▸ TASK MATERIAL:
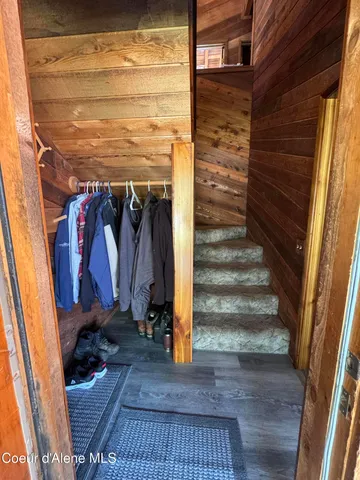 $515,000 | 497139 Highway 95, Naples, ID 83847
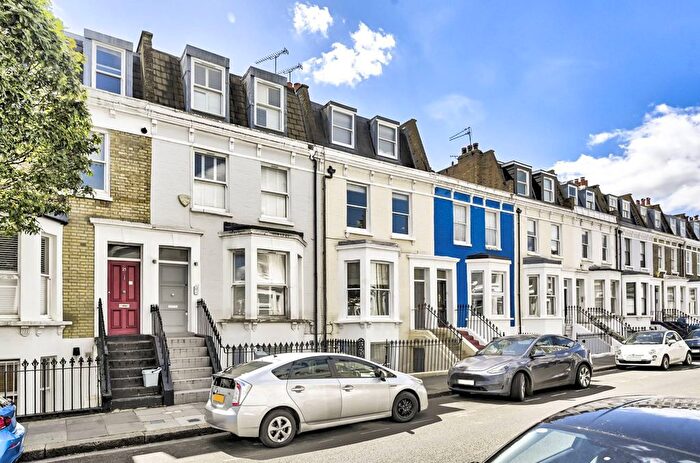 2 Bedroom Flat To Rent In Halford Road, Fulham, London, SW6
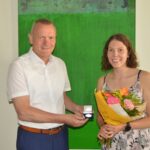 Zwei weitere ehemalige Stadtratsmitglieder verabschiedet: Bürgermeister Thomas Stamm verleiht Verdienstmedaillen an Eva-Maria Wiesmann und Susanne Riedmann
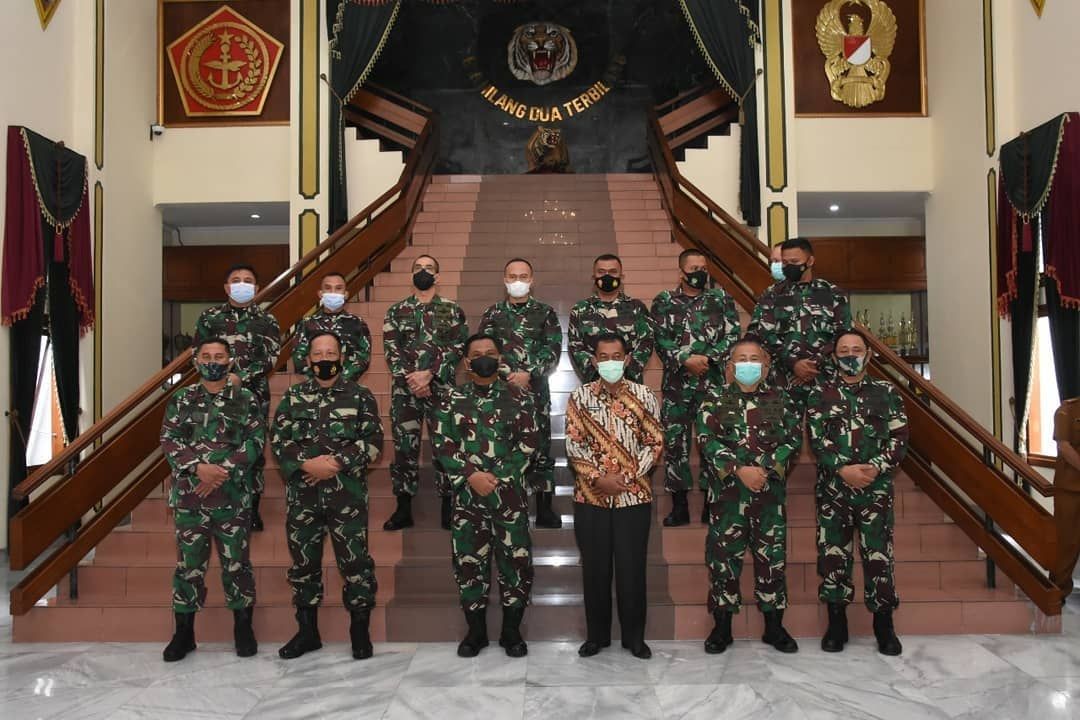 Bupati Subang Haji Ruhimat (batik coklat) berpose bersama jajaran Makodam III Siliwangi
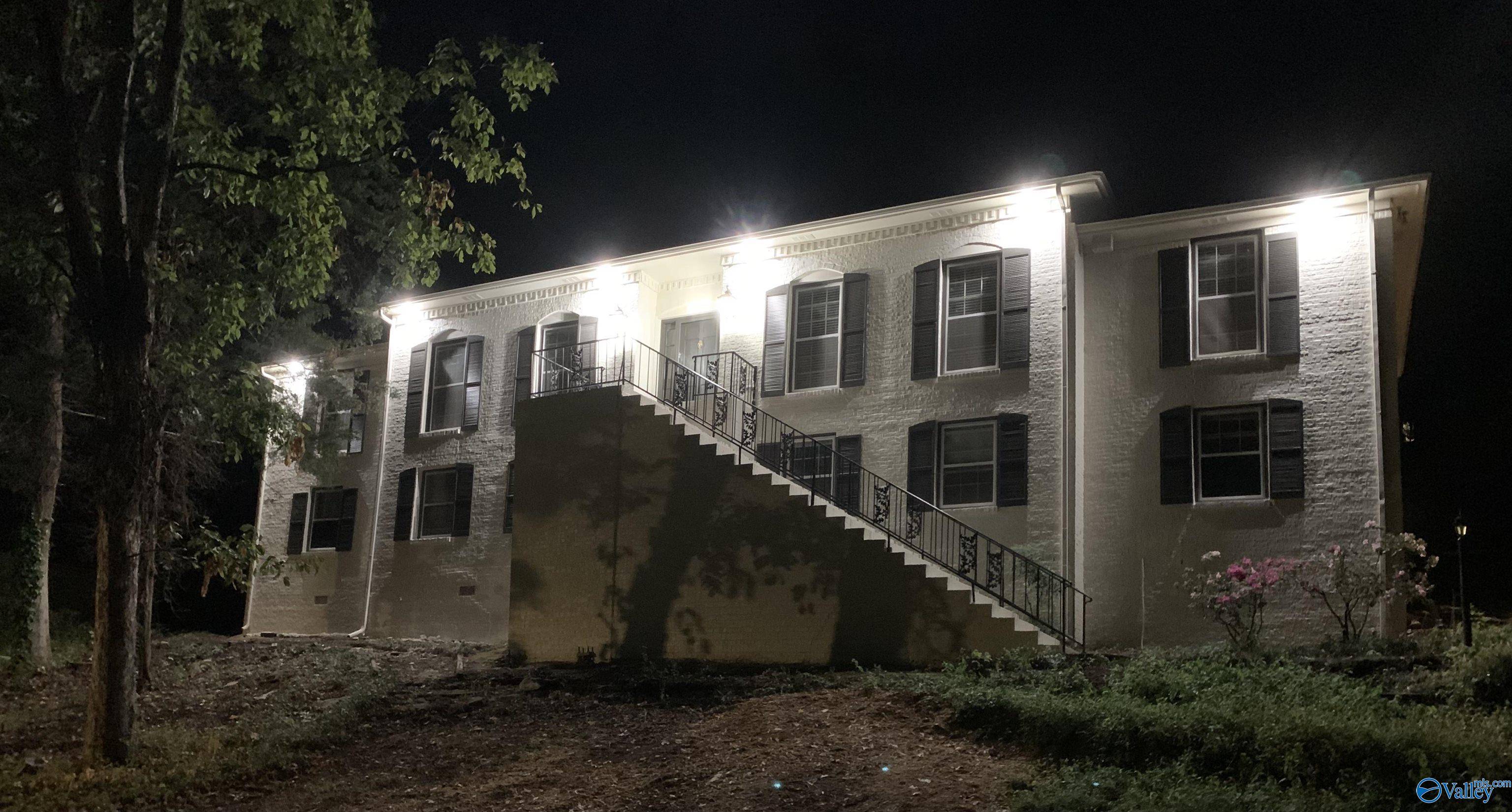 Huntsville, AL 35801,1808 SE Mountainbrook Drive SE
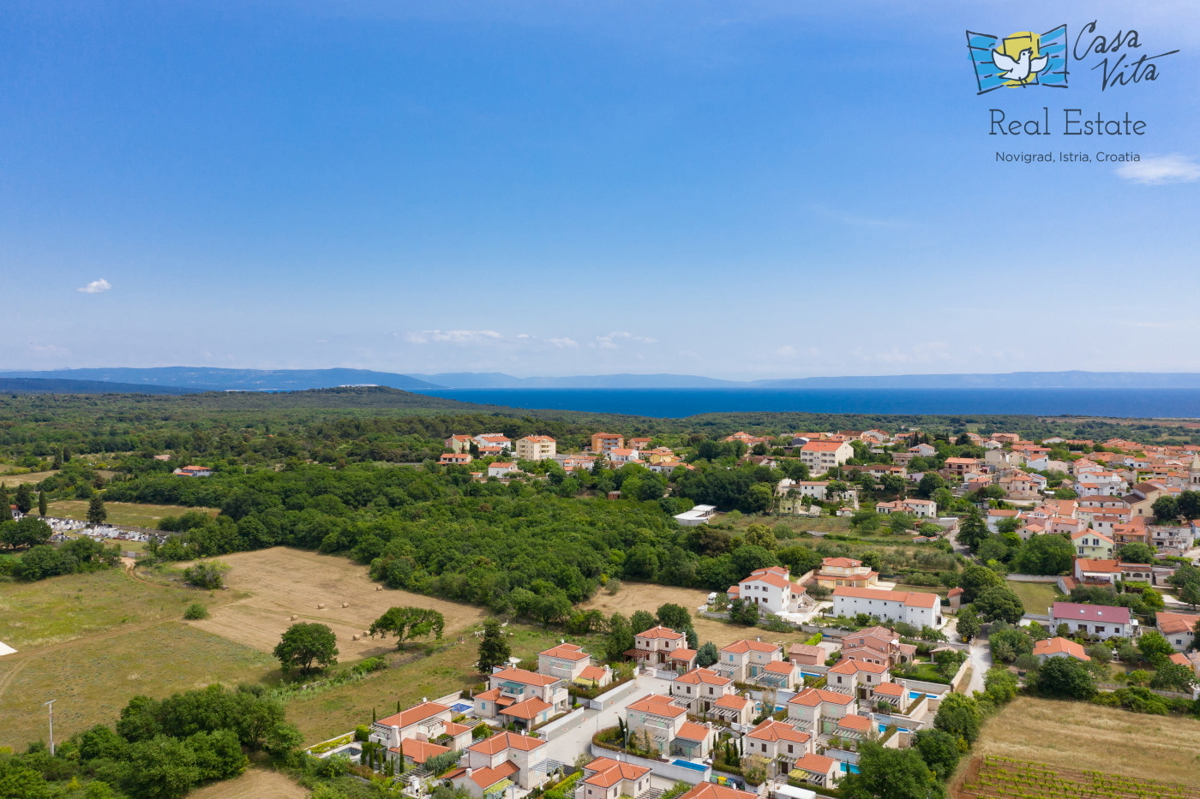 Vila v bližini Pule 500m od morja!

▸ THE TASK:
The lines to write out are those from the first line of the listing above through the line bearing "Bupati Subang Haji", both included, copied exactly with pictures dropped.

▸ SOLUTION FOR THIS TASK:
 $515,000 | 497139 Highway 95, Naples, ID 83847
 2 Bedroom Flat To Rent In Halford Road, Fulham, London, SW6
 Zwei weitere ehemalige Stadtratsmitglieder verabschiedet: Bürgermeister Thomas Stamm verleiht Verdienstmedaillen an Eva-Maria Wiesmann und Susanne Riedmann
 Bupati Subang Haji Ruhimat (batik coklat) berpose bersama jajaran Makodam III Siliwangi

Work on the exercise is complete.